Home Health & Hospice Week

Reimbursement:

MedPAC Sharpens Budget Ax For Home Health Rates

Influential commission calls for 5 percent cut.

If you thought the Medicare Payment Advisory Commission’s yearly reports to Congress were hampering the industry’s efforts to secure adequate reimbursement, just wait for the next one.

In its Dec. 8 meeting, MedPAC commissioners approved a draft recommendation to cut home health agency Medicare reimbursement rates by 5 percent in 2018. That’s compared to last year’s recommendation for a 0 percent pay increase for 2017. The Centers for Medicare & Medicaid Services actually cut rates 0.7 percent following MedPAC’s recommendation, but did not entirely eliminate the inflation update as the Commission called for.

Why the big difference? Profit margins may be one key. Last year, MedPAC projected an 8.8 percent profit margin for HHAs in 2016. This year, Commission staffer Evan Christman announced an 11 percent margin projection for 2017. “Margins have remained substantial … despite [rebasing] reductions,” Christman pointed out in the meeting. He pegged HHAs’ 2015 margin at 15.6 percent.

And as with last year, MedPAC found declines in the number of Medicare-certified HHAs (a 115-agency drop in 2015 to more than 12,300).
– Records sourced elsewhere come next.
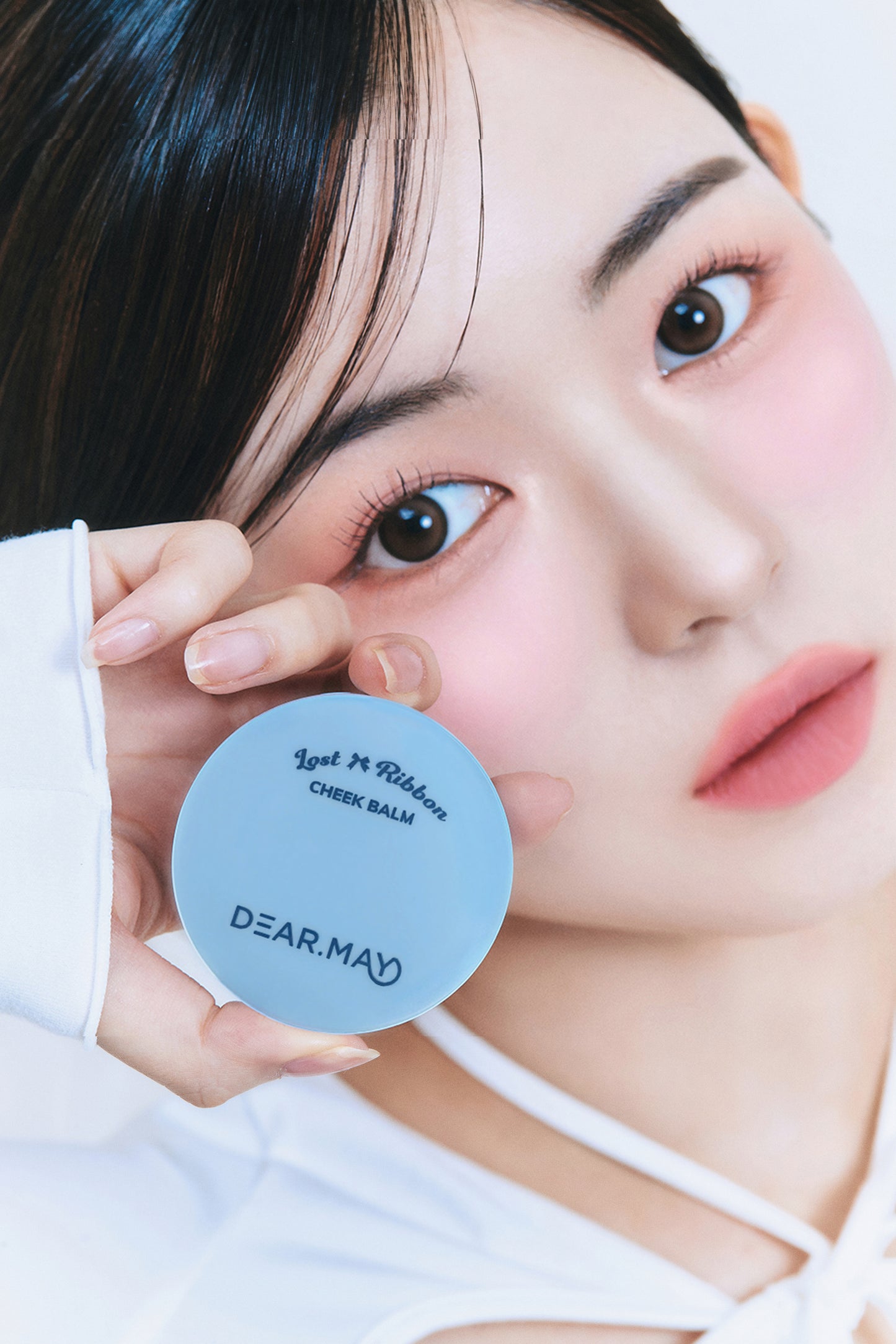 DEARMAY Lost Ribbon Cheek Balm 03 (Apricot Hope)
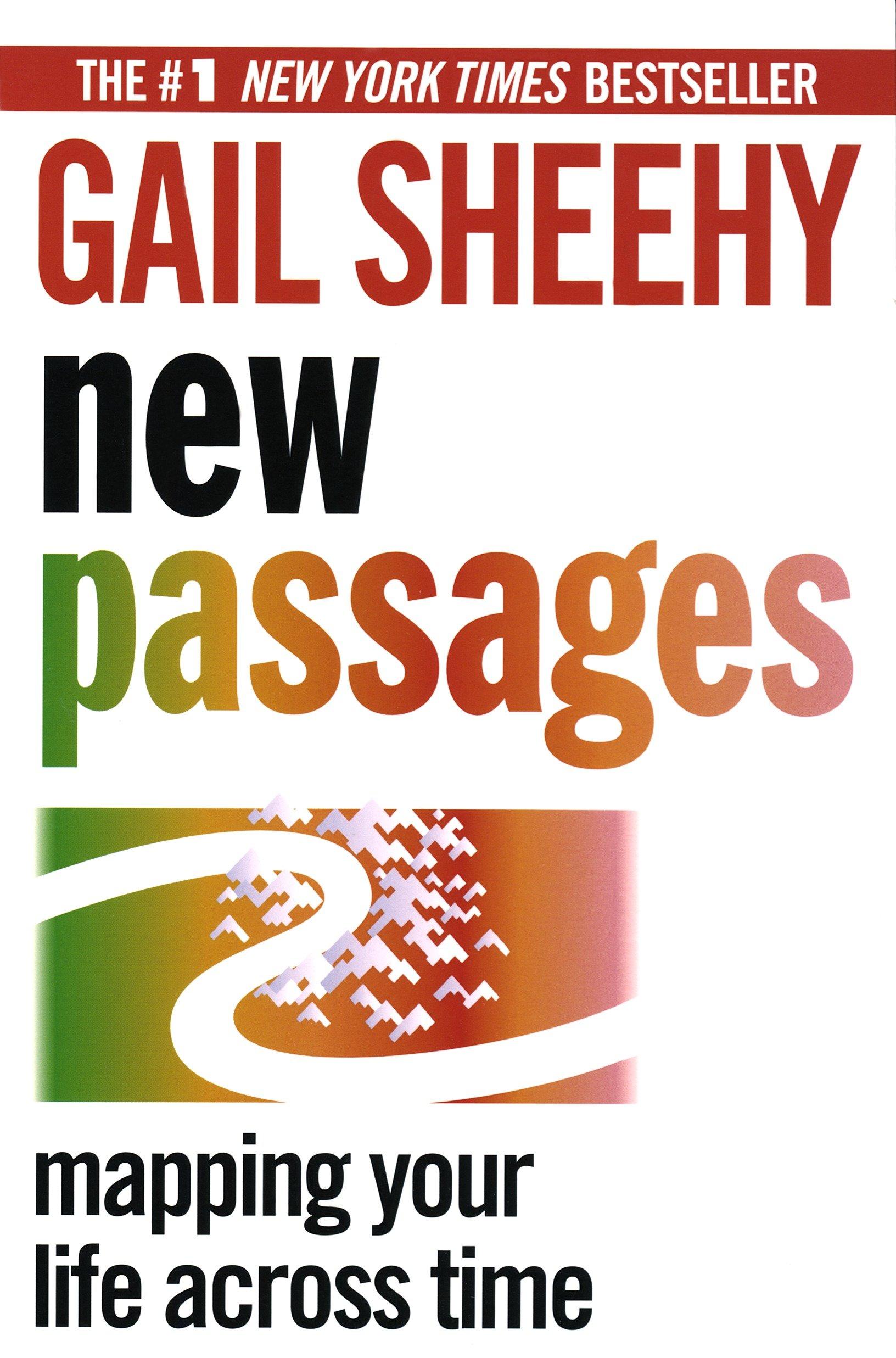 Vorderes Coverbild New Passages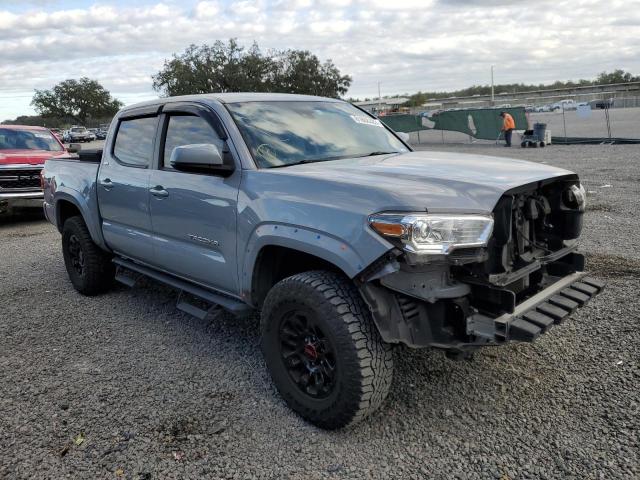 Vin: 3tmaz5cn0mm141118, lot: 81888383, toyota tacoma double cab 20214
But “the supply of agencies in 2015 was 63 percent higher than 2004,” Christman told commissioners.

Change: Unlike last year, MedPAC found volume of episodes increased slightly. “The small increase in 2015 reverses the trend of modest declines we have seen observed since 2011,” Christman said.

And “the number of users and the share of fee-for-service beneficiaries using the benefit increased slightly,” Christman added.

“Medicare has overpaid for home health since the PPS was established in 2000,” Christman contended. “The fact that home health can be a highvalue service does not justify the excessive overpayments.”

In addition to supporting the 5 percent cut recommendation, commissioners also approved calling for two more years of rate rebasing and eliminating therapy from the Prospective Payment System case mix system.

The latter suggestion is already in the works under CMS’s Home Health Groupings Model plan for HHA payment reform (see Eli’s HCW, Vol. XXV, No. 44).

Commissioners Voice Distrust Of Freestanding HHAs

In the meeting, commissioners voiced frustration that CMS isn’t cutting HHA rates as advised. “We’ve made these recommendations … but they don’t get adopted,” said Commissioner Crag Sammit with Anthem.

Commissioner Rita Redberg blamed “the pressure on CMS … from industry which clearly has financial interest.” Redberg called industry projections of low margins under rebasing “really off.”

“We need to step up the volume” on the recommendations, suggested MedPAC Chair Francis Crosson.

On the other hand: Commissioner David Nerenz with the Henry Ford Health System in Detroit expressed concern about the recommended cut as a “blunt instrument.” But he added, “I feel much more comfortable as it applies to the freestandings than I do as it applies to the hospital-based.” Discussion ensued over whether MedPAC could recommend cuts for freestanding agencies only.